**Data extracts**
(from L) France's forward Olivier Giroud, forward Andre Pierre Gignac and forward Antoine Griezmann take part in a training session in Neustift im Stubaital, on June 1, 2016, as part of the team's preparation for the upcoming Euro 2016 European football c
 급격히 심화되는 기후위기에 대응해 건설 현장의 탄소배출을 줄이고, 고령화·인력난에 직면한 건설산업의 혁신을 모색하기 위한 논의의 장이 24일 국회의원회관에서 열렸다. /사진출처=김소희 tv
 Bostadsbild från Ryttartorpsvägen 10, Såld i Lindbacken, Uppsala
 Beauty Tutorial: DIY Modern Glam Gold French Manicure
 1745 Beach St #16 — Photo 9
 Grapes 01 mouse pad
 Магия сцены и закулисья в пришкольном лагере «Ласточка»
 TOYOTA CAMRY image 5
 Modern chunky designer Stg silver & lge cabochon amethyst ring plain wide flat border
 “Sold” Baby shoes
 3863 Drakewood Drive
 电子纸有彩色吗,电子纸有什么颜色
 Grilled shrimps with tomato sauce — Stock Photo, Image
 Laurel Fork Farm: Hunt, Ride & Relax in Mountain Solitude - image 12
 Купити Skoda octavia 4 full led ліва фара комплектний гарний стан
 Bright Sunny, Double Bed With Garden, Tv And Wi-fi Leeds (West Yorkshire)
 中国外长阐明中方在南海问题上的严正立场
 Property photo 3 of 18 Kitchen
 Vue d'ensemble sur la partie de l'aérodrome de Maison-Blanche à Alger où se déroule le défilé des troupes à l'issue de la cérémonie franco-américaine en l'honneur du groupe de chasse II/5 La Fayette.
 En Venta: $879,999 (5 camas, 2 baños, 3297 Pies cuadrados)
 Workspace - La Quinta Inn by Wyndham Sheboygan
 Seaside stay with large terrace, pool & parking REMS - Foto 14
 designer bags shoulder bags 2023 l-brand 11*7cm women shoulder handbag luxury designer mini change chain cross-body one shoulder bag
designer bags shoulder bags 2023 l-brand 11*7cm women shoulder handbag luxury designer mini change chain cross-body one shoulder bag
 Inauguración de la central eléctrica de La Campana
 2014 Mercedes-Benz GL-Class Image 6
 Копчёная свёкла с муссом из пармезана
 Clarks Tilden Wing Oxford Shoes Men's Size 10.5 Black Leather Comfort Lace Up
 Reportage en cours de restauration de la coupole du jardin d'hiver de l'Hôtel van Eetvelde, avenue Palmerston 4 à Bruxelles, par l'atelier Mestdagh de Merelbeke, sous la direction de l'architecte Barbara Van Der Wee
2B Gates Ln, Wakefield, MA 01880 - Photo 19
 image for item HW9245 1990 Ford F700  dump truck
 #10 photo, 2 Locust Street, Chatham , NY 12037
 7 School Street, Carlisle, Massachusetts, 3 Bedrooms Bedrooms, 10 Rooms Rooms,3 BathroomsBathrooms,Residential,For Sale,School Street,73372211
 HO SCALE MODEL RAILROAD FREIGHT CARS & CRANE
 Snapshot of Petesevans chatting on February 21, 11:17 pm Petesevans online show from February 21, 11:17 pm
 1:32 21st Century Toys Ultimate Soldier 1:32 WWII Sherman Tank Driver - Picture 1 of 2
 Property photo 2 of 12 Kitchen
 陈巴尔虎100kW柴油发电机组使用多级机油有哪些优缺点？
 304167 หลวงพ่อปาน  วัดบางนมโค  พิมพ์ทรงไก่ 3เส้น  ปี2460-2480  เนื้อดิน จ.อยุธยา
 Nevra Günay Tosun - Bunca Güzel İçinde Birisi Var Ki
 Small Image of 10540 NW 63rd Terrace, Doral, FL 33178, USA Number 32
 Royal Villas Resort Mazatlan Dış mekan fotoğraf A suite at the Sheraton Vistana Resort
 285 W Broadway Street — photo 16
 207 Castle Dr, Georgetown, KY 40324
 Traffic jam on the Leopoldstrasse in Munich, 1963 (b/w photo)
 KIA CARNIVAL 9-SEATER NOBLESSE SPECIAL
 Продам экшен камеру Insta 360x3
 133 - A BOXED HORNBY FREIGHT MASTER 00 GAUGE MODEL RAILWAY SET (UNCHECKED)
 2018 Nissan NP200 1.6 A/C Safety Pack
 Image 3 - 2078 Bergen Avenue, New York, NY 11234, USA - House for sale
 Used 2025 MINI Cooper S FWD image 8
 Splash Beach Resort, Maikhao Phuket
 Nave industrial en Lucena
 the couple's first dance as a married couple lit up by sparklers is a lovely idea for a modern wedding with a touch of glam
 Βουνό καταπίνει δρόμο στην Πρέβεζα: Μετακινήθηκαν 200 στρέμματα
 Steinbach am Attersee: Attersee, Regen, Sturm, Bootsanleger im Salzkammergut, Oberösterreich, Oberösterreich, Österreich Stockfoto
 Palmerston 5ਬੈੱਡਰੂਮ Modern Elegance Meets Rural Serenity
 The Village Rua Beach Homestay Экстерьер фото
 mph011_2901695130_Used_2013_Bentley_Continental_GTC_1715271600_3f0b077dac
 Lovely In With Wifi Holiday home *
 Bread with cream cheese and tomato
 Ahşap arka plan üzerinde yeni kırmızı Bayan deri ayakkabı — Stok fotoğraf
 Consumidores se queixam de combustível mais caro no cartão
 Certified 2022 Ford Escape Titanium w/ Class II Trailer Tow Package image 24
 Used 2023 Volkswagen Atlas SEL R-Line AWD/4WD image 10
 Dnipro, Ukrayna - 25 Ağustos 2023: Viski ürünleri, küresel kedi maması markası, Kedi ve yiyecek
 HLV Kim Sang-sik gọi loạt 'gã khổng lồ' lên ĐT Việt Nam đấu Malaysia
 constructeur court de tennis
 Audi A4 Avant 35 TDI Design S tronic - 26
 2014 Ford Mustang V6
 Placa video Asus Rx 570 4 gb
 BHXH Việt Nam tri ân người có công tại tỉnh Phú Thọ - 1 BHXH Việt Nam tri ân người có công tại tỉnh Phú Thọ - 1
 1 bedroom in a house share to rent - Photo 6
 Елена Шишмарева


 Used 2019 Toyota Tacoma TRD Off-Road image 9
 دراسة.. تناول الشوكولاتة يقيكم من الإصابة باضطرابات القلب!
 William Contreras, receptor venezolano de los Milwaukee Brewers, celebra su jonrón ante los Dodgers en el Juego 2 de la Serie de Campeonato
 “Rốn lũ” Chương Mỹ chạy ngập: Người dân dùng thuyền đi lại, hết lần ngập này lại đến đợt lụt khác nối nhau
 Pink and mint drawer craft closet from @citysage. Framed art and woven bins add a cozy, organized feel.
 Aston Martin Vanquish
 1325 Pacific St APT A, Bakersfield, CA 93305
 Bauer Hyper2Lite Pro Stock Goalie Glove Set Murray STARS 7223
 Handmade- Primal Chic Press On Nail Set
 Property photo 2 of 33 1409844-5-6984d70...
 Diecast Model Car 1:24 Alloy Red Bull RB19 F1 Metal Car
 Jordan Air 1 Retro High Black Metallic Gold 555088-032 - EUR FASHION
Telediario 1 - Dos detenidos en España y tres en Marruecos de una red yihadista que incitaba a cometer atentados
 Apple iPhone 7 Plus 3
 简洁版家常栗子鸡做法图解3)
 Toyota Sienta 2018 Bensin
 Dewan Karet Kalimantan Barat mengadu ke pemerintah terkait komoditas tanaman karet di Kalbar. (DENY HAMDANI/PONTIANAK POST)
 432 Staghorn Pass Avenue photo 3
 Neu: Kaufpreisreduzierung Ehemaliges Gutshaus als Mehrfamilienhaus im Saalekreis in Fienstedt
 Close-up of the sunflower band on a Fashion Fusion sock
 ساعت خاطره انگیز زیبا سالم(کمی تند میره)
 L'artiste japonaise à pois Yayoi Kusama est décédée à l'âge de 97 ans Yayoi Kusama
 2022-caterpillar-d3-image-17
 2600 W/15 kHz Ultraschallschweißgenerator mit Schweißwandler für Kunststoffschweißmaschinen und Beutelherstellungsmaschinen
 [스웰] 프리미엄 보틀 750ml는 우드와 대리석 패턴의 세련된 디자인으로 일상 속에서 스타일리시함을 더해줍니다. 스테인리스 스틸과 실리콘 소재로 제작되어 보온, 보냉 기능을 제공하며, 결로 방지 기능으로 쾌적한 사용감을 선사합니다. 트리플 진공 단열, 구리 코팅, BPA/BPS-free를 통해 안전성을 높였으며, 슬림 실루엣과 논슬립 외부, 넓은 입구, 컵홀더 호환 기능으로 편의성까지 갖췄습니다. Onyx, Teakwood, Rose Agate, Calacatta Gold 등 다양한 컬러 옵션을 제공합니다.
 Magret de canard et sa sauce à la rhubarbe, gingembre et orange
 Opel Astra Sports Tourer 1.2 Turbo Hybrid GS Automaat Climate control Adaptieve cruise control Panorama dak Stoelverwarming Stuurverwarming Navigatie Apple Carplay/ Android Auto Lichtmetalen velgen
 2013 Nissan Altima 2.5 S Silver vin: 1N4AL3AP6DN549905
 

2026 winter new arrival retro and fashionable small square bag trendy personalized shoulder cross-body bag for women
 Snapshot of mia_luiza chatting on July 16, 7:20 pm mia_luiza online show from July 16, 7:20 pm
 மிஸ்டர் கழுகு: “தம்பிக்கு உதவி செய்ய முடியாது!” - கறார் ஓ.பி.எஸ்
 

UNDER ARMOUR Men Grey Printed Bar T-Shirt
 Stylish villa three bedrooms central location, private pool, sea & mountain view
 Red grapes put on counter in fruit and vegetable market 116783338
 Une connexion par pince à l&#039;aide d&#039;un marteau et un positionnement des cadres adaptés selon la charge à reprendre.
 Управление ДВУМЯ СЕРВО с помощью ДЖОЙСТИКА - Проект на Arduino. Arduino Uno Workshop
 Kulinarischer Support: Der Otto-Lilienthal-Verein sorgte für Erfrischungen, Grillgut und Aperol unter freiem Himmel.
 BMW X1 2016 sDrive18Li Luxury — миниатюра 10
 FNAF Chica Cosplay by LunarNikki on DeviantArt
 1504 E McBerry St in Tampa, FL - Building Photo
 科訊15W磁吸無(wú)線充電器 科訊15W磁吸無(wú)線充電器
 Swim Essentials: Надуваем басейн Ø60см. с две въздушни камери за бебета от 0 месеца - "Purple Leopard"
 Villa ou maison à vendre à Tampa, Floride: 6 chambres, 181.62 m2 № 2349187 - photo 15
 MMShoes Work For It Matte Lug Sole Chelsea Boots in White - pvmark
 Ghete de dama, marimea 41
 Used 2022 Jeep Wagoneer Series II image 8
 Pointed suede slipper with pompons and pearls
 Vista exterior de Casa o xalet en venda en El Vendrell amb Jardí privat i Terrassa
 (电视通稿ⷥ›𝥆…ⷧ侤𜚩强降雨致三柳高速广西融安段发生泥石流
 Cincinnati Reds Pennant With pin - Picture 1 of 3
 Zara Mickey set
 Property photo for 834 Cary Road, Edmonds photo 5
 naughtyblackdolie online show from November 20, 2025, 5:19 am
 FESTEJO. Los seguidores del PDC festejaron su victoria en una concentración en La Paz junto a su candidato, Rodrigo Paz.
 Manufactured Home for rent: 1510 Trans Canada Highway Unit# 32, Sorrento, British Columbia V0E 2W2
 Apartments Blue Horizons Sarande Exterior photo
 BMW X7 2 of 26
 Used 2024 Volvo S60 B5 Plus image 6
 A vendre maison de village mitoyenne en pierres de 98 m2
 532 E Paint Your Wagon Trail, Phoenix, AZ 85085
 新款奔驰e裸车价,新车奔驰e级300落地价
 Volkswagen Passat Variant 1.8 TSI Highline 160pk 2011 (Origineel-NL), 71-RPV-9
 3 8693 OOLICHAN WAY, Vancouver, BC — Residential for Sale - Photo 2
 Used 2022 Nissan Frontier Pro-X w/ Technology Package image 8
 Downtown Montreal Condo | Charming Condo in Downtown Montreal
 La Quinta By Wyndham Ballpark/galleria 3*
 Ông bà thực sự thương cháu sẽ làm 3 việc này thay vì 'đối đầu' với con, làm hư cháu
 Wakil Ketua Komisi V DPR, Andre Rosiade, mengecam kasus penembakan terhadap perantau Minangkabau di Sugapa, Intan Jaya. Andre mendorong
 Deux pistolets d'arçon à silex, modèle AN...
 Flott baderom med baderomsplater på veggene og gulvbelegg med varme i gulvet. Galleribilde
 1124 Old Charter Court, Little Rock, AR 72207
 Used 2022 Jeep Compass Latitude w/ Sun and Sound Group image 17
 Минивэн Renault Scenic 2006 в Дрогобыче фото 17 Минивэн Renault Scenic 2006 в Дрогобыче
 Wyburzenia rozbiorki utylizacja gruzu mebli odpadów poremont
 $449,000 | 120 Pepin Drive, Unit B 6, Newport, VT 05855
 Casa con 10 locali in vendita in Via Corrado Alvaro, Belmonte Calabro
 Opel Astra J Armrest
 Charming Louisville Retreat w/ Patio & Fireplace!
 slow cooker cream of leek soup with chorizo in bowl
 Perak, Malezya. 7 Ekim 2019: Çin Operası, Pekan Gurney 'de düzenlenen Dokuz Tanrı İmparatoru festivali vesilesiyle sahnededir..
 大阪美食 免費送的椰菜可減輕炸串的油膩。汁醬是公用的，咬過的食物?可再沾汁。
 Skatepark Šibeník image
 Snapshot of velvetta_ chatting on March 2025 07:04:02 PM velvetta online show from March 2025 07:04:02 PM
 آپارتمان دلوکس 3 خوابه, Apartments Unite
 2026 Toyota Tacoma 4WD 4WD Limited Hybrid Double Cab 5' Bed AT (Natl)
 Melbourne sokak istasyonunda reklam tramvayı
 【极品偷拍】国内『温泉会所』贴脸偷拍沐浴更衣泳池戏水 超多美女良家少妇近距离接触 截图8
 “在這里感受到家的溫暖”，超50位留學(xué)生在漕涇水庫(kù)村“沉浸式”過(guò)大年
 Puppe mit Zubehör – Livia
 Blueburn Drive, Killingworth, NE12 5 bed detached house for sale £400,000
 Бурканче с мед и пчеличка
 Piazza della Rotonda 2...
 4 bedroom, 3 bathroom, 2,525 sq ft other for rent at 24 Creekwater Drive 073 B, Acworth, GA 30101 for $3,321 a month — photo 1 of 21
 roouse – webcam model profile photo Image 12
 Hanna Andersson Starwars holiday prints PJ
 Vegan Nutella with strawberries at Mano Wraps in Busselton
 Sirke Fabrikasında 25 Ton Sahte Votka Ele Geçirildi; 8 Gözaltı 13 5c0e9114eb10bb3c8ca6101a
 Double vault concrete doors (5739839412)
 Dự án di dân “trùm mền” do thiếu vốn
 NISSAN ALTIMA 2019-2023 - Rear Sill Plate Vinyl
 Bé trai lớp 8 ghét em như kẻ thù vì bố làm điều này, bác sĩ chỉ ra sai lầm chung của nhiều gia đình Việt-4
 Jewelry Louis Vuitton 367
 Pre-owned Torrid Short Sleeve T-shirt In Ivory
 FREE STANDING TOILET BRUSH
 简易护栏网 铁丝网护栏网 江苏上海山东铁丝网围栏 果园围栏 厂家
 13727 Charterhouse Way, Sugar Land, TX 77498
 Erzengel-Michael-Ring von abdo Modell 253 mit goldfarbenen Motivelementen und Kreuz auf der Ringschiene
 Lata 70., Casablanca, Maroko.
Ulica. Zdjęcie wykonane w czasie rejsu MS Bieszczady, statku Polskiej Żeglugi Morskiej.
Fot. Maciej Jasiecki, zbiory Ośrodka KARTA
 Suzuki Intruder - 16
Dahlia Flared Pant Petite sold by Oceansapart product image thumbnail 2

**Your goal**
Reproducing the whole listing above is not the task. Copy exactly only the lines from the one with "Apartments Blue Horizons" to the one with "slow cooker cream", both kept.

**Problem solution**
 Apartments Blue Horizons Sarande Exterior photo
 BMW X7 2 of 26
 Used 2024 Volvo S60 B5 Plus image 6
 A vendre maison de village mitoyenne en pierres de 98 m2
 532 E Paint Your Wagon Trail, Phoenix, AZ 85085
 新款奔驰e裸车价,新车奔驰e级300落地价
 Volkswagen Passat Variant 1.8 TSI Highline 160pk 2011 (Origineel-NL), 71-RPV-9
 3 8693 OOLICHAN WAY, Vancouver, BC — Residential for Sale - Photo 2
 Used 2022 Nissan Frontier Pro-X w/ Technology Package image 8
 Downtown Montreal Condo | Charming Condo in Downtown Montreal
 La Quinta By Wyndham Ballpark/galleria 3*
 Ông bà thực sự thương cháu sẽ làm 3 việc này thay vì 'đối đầu' với con, làm hư cháu
 Wakil Ketua Komisi V DPR, Andre Rosiade, mengecam kasus penembakan terhadap perantau Minangkabau di Sugapa, Intan Jaya. Andre mendorong
 Deux pistolets d'arçon à silex, modèle AN...
 Flott baderom med baderomsplater på veggene og gulvbelegg med varme i gulvet. Galleribilde
 1124 Old Charter Court, Little Rock, AR 72207
 Used 2022 Jeep Compass Latitude w/ Sun and Sound Group image 17
 Минивэн Renault Scenic 2006 в Дрогобыче фото 17 Минивэн Renault Scenic 2006 в Дрогобыче
 Wyburzenia rozbiorki utylizacja gruzu mebli odpadów poremont
 $449,000 | 120 Pepin Drive, Unit B 6, Newport, VT 05855
 Casa con 10 locali in vendita in Via Corrado Alvaro, Belmonte Calabro
 Opel Astra J Armrest
 Charming Louisville Retreat w/ Patio & Fireplace!
 slow cooker cream of leek soup with chorizo in bowl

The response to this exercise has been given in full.